明治安田J2リーグ第16節、水戸ホーリーホック(以後、水戸)対大分トリニータ(以後、大分)の試合が、ケーズデンキスタジアム水戸で行われた。  試合は、前半に大分が攻めて、後半は水戸がゲームの主導権を握る。水戸のフォーメーションは「4-4-…

 明治安田J2リーグ第16節、水戸ホーリーホック(以後、水戸)対大分トリニータ(以後、大分)の試合が、ケーズデンキスタジアム水戸で行われた。
 試合は、前半に大分が攻めて、後半は水戸がゲームの主導権を握る。水戸のフォーメーションは「4-4-2」で、中盤はボックス型を採用し、大分も「4-4-2」で、同じシステムのミラーゲームとなった。水戸は、森直樹新監督の指揮のもと、3連勝を狙ったが、大分の守備陣の踏ん張りもあって、1-1の引き分けに終わった。
 では、前編で扱った大分の先制ゴールに続いて、得点シーンを中心に、試合を分析していこう。

26分の水戸フリーキック「大崎航詩のボールが壁に」


 26分に水戸は、フリーキックのチャンスを得る。左SBの大崎航詩が蹴ったボールが、大分の壁に当たって弾かれる。そのボールを大崎が拾いに行って、右ペナルティ前にいる前田椋介へパスを送る。前田はダイレクトでファーサイドにクロスを入れる。飯泉涼矢のヘディングしたボールは、左ゴールポストの脇を抜けた。
 惜しいシーンだった。ここでは、前田がダイレクトでファーサイドにクロスを入れた点が、惜しいシュートにつながっている。大分のディフェンダーが水戸の選手につききれていないときに、前田はクロスを入れている。それにより、飯泉がフリーでヘディングできたのだ。もし、前田が横パスをしていたら、大分のディフェンダーは準備を整えていた。そうした時間を相手に与えないクロスだった。
 後半になって、森監督は安藤瑞季と久保征一郎のFW二枚を一気に交代してきた。彼らに代わって入ったのは、落合陸と寺沼星文である。
 同点の場面を作られた53分の大分の守備を見てみよう。

53分の水戸PK獲得「藤原優大が前線に縦パス」

 大分CBの藤原優大が縦パスを入れようと前線にボールを送る。水戸CHの長尾優斗が、そのボールをインターセプトする。奪ったボールを、右ペナルティエリア前にいた寺沼にパスする。ボールを受けた寺沼がドリブルしてペナルティエリア内に入ったところで、藤原が寺沼に足を引っ掛けて、ペナルティキックを与えてしまう。
 この場面ではまず、なぜ藤原が縦パスを入れたのかが理解に苦しむ。さらに、長尾にボールを取られたことを悔いて、寺沼にプレスにいったことも同様だ。
 ここは、左SBの野嶽惇也に任せて、藤原はカバーに入ればいい。ただ、CBの心理的な宿命だとも言えるし、藤原の責任感のあらわれだとも言える。
 CBにとって、縦パスをミスったり、決定的な場面を作られるシーンがあった際、どうしても「自分が守らなければいけない」という心理的な葛藤が生まれてくる。だから、一発で物事を解決しようとして、行かなくてもいいプレスに行ってしまったのである。

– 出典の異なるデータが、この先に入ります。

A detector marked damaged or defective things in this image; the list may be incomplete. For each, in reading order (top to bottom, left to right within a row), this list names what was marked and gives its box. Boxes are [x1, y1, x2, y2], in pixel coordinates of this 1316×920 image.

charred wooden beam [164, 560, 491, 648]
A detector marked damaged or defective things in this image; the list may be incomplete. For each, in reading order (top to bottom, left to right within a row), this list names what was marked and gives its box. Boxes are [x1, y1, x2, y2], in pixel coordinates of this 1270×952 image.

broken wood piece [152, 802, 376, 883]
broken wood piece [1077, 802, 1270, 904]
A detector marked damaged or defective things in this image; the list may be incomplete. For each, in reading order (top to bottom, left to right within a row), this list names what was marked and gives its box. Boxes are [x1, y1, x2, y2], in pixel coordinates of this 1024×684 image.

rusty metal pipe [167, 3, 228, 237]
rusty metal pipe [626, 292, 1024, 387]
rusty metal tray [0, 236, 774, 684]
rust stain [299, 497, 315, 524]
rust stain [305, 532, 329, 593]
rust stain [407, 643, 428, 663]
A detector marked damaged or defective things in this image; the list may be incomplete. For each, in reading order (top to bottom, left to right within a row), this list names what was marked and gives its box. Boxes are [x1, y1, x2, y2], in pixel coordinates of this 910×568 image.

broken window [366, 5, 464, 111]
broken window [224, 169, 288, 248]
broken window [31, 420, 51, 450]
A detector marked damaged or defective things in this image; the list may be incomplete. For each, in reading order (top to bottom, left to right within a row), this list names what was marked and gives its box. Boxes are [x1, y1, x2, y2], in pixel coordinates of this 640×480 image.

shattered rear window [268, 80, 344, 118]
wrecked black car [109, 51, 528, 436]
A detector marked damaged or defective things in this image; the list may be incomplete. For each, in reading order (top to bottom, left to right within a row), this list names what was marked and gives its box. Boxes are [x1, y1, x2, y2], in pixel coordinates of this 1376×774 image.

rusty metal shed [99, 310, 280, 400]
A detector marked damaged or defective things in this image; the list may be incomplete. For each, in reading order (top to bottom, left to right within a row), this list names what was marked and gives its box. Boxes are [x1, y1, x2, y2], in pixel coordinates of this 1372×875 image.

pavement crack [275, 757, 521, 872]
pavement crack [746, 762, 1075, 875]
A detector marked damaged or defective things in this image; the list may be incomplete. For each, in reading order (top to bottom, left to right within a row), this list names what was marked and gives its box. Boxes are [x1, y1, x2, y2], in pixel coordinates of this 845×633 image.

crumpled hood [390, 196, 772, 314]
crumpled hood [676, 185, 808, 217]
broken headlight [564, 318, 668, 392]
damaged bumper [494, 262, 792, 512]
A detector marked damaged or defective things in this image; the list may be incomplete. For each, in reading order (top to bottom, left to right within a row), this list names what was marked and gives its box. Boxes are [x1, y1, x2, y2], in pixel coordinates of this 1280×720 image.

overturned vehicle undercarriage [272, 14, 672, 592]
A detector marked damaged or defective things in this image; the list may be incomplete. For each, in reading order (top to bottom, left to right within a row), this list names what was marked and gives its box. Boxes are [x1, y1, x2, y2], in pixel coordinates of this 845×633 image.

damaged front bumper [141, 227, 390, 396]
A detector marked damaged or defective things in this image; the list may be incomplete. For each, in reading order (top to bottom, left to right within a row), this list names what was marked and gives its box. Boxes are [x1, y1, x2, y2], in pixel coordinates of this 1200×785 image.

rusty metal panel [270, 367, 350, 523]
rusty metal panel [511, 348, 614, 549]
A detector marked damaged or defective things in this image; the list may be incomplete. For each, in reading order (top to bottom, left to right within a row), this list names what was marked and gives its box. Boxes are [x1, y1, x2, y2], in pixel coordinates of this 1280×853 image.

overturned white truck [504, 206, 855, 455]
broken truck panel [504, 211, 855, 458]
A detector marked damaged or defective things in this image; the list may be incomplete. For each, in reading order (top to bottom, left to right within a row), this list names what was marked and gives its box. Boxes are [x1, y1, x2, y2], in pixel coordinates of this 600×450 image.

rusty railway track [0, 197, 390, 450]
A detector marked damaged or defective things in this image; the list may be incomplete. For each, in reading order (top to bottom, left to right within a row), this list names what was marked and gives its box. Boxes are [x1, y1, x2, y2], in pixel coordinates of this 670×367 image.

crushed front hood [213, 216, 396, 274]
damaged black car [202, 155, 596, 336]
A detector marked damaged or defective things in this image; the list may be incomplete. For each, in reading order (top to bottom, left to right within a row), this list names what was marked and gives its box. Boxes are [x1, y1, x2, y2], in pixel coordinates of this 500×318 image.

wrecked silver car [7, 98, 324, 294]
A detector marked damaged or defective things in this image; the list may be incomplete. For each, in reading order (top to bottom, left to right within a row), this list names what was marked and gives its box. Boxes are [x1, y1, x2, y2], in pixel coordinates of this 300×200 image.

 藤原としては、寺沼に左にスライドして来られるのが嫌だったので、右足で中に入ってくるのを阻止しようとした。しかし、寺沼が中ではなく縦に入ってきたので、慌てて左足を出してしまった。体重が右足にかかっている分、一歩前に出るのが遅れてしまったので、左足先だけのディフェンスになってしまった。これがペナルティキックを与えた要因なのだろう。

「ポテンシャルの高い」選手が何人もいる水戸

 71分のシーン。大分の左サイドからファーサイドにいた茂平に、ロングパスが送られる。茂はペナルティエリア内にヘディングで折り返した。
 クロスを入れた際の蹴り方が右足のインスイングなので、ニアに低いボールを入れてヘディングで勝負させるのが本来の狙いだったろう。なぜなら、ゴールキーパーにとって守備するのがとても難しい角度になるからだ。茂がフリーでいるのを冷静に見て選択したのだろう。
 茂がペナルティエリア内に返したボールに、大分の選手が頭で合わせるが、タイミングが合わずにゴールエリア内にボールが浮いてくる。
 水戸の飯泉がヘディングでケアしようとしたが、ボールが相手に渡ってしまう。木本真翔が左足でダイレクトボレーを打つが、ゴールキーパーの松原修平にゴールの外に弾かれる。
 再び飯泉がクリアしようとしたが、ジャンプのタイミングが早すぎてボールに力が伝わらない。ペナルティエリアの外にボールを出さなければならない場面だった。ジャンプして右から左に首を振っているのだが、これは逆で、左から右に首を振ってヘディングしなければボールは飛ばない。もしくは、首を振らないで真っ直ぐボールを当てて行ったほうがボールは飛んだはずだ。
 水戸のスタメンを見れば、大学卒の若い選手が多く、ポテンシャルの高い選手が何人もいる。経験を積んでいけば、形になる選手たちである。しかし、プロのリーグ戦は、経験を積ませるだけの場所ではない。勝つか負けるのかの勝負がかかった場所なのだ。
 そうした自覚を選手1人ひとりが持つことが浮上のきっかけにもなってくる。監督が代わってチームの流れも変わってきているのだから、次は、選手たちがプレーでゲームの流れを作り、常に主導権を握って試合を進められることを期待する。